Bild: Instituto Geográfico National [Großansicht] |
Geodäsie ist die Wissenschaft von der Ausmessung und Abbildung der
Erdoberfläche. Eine Messmethode nutzt dabei Radiowellen von weit entfernten
astronomischen Objekten, um etwa die Bewegung der Erdplatten zu ermitteln. Ein
neuer rauscharmer Hochfrequenzverstärker verspricht die dafür nötigen
Radioteleskope leistungsfähiger zu machen.
Entwickelt wird der Verstärker von Forschern des Fraunhofer-Instituts für
Angewandte Festkörperphysik (IAF) in Freiburg zusammen mit spanischen
Projektpartnern - dem Instituto Geográfico Nacional und der
University of Cantabria. Der Hochfrequenzverstärker ist besonders rauscharm
und hilft, die Erde vom Weltraum aus genauer zu vermessen als bisher: Die
Positionen von Radioteleskopen sollen sich zukünftig auf etwa einen Millimeter
genau bestimmen lassen. Das wäre zehnmal genauer als bisher.
Die Wissenschaftler nutzen dabei Radiowellen, die von astronomischen Objekten
ausgesendet und von den Radioteleskopen empfangen werden. Je genauer die
Wissenschaftler die Positionen der Teleskope bestimmen können, desto exakter
können sie anhand dieser Informationen verschiedene Eigenschaften der Erde
vermessen.
"Durch ihren räumlichen Abstand - sie sind auf der ganzen Erde verteilt "
empfangen die Teleskope die Radiowellen zu unterschiedlichen Zeitpunkten",
erklärt Dr. Mikko Kotiranta, Wissenschaftler am IAF. Bedeutend für die
Abstandsermittlung ist die Präzision, mit der die Zeitdifferenzen vermessen
werden können. Dabei kommt es auf jede Pikosekunde an - das ist der Billionste
Teil einer Sekunde.
Basierend auf mehreren Messungen ist es beispielsweise möglich, die Länge des
Tages, die Bewegung der Erdplatten, der Pole und der Erdachse sehr genau zu
ermitteln. "Dieses Wissen wird unter anderem dazu genutzt, die Umlaufbahnen von
Satelliten genauer zu bestimmen", sagt Kotiranta. Die hierbei genutzten
Radiowellen stammen von Quasaren, also von gewaltigen aktiven Schwarzen Löchern
im Zentrum von Galaxien, die in der Regel mehrere Milliarden Lichtjahre von der
Erde entfernt sind.
Natürlich bewegen sich auch die Quasare - wie alle andere astronomischen
Objekte. Wegen ihrer enormen Entfernung scheinen sie jedoch von der Erde aus
betrachtet still zu stehen. Zusätzlich erscheinen sie als punktförmige Objekte,
weshalb sie ideale Fixpunkte zur Vermessung der Erde sind.

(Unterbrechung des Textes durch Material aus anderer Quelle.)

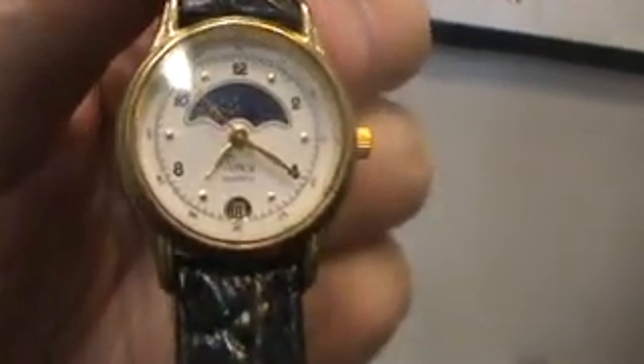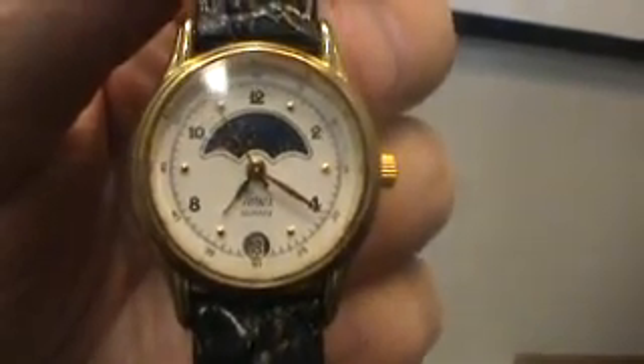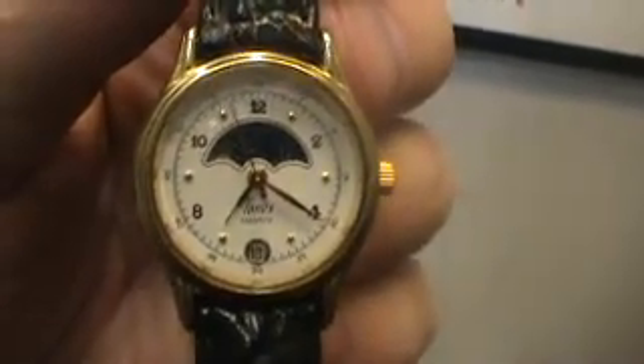Hello, we have here a ladies Timex moon phase watch. It has a brand new battery and a brand new padded stitch leather band.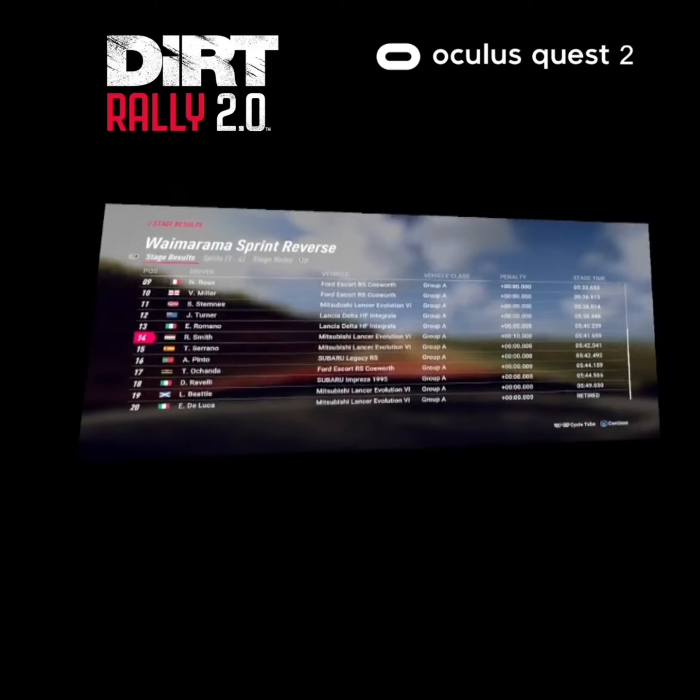That felt good, but let's check the times.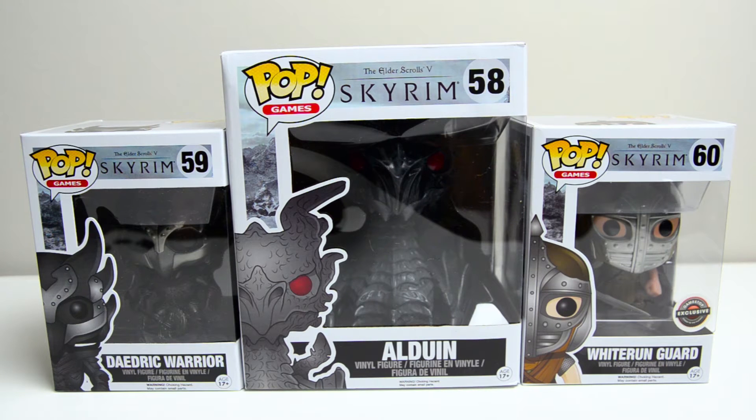Hello everyone, Jeremy here, and today I want to show you three new Funko Pops from The Elder Scrolls V Skyrim. I got these guys at GameStop — they are available at your local GameStop right now.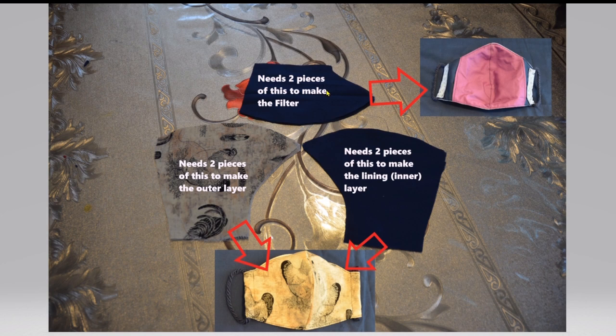You're going to need two pieces for the filter — one piece goes to the left and the other to the right. You'll also need two pieces for the lining, which is between the outer layer and the filter. And you'll need two pieces for the outer layer. So in total you need six pieces — two from each type. The mask consists of three layers: the outer layer, the lining, and the filter.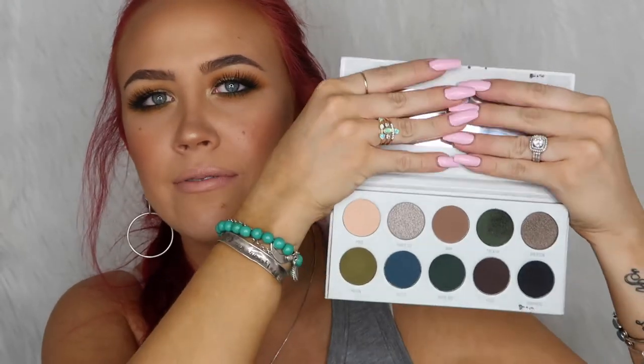I'll start with Bling Boss — this is one that definitely drew me to buying this collection because I absolutely love purples and wines. I'm obsessed with them. I've always loved purple eyeshadows because I feel like they look good on pretty much every eye color — brown, blue, green — they really highlight whatever your eye color is.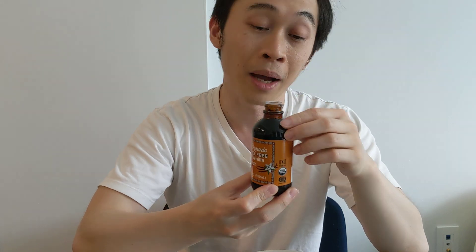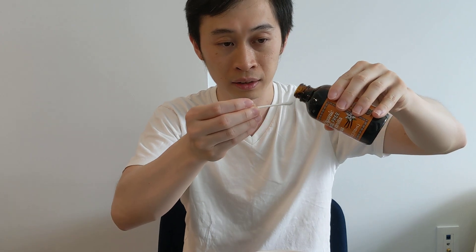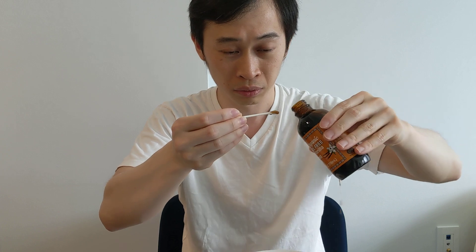Let's crack this open. I got this one from Trader Joe's. It smells very sweet. I'll be using a q-tip on this and just pour some on. Oh yeah, take the cover off. All right, that's a bit too much. Let's remember to dry the area first.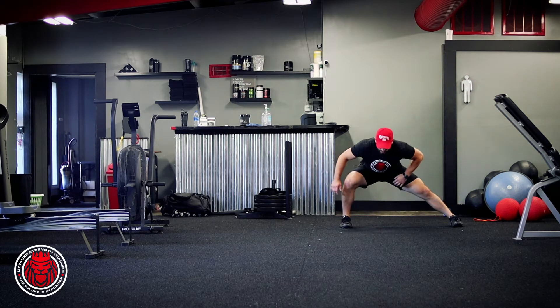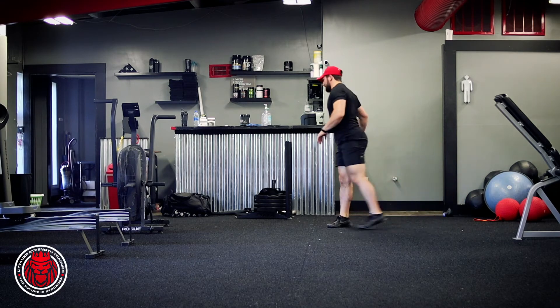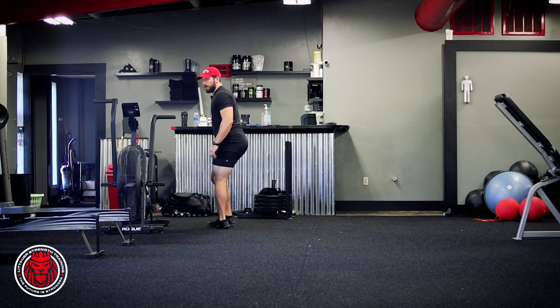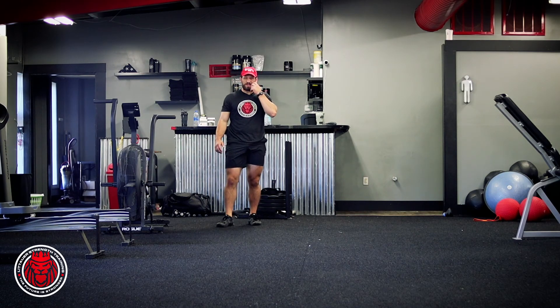So if I step out, I sink, I shift, I step across, sink, shift — all that is is our alternating side lunge.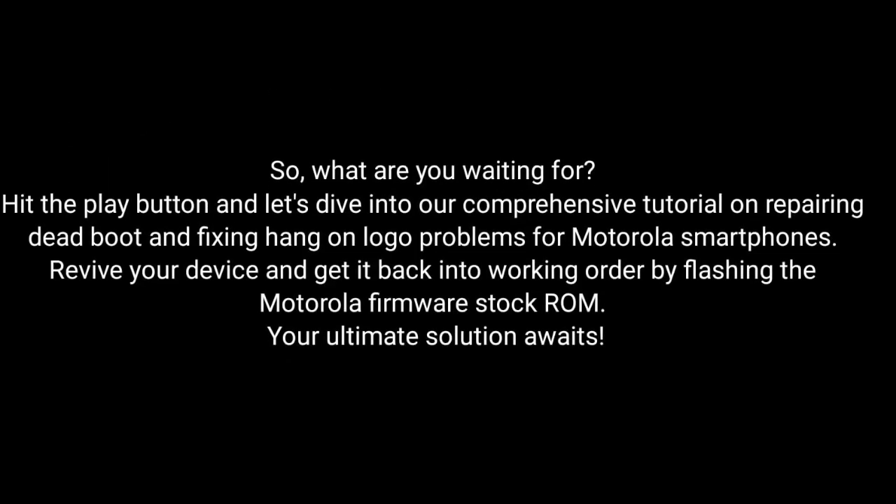So, what are you waiting for? Hit the play button and dive into our comprehensive tutorial on repairing dead boot and fixing hang-on logo problems for Motorola smartphones. Revive your device and get it back into working order by flashing the Motorola Firmware Stock ROM. The ultimate solution awaits.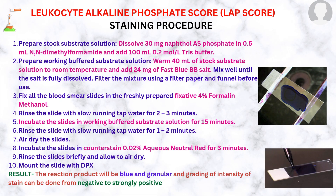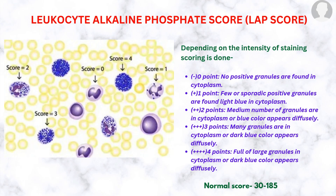The reaction product will be blue and granular, and grading of the intensity of the stain is done from negative to strongly positive. Zero points: no positive granules in the cytoplasm. One point: few or sporadic positive granules appearing light blue in the cytoplasm. Two points: medium number of granules or blue color appearing diffusely. Three points: many granules or dark blue color diffusely. Four points: cytoplasm full of large granules or dark blue color diffusely.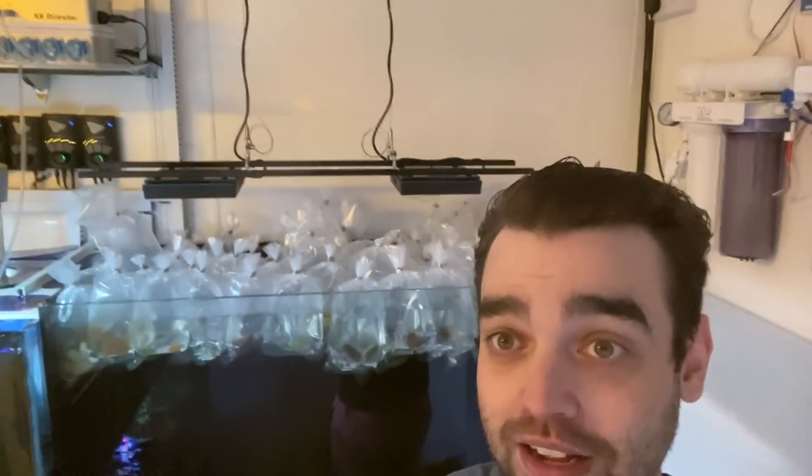Just under three thousand pounds worth, to be exact. There is a little sneak peek for you — that is a lot of coral bags. There's a few things in there which won't be grown, like a couple of fungias and stuff like that, but I'll show you some of what I've got in a minute. It's just acclimating to temperature.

Die Radiowellen kommen allerdings in sehr schwacher Signalstärke bei den
Teleskopen an. Das liegt an dem langen Weg, den sie durch den Weltraum
zurücklegen. Ein weiteres Hindernis, um die Signale fehlerfrei zu empfangen,
sind elektromagnetische Störgeräusche: Alle Körper, deren Temperatur über dem
absoluten Nullpunkt - also bei über minus 273 Grad Celsius - liegt, erzeugen
elektromagnetisches Eigenrauschen. Nur am absoluten Nullpunkt würde aus
elektromagnetischer Sicht vollkommene Ruhe herrschen. "Die Regel lautet: Je
kälter, desto weniger Rauschen", so Kotiranta.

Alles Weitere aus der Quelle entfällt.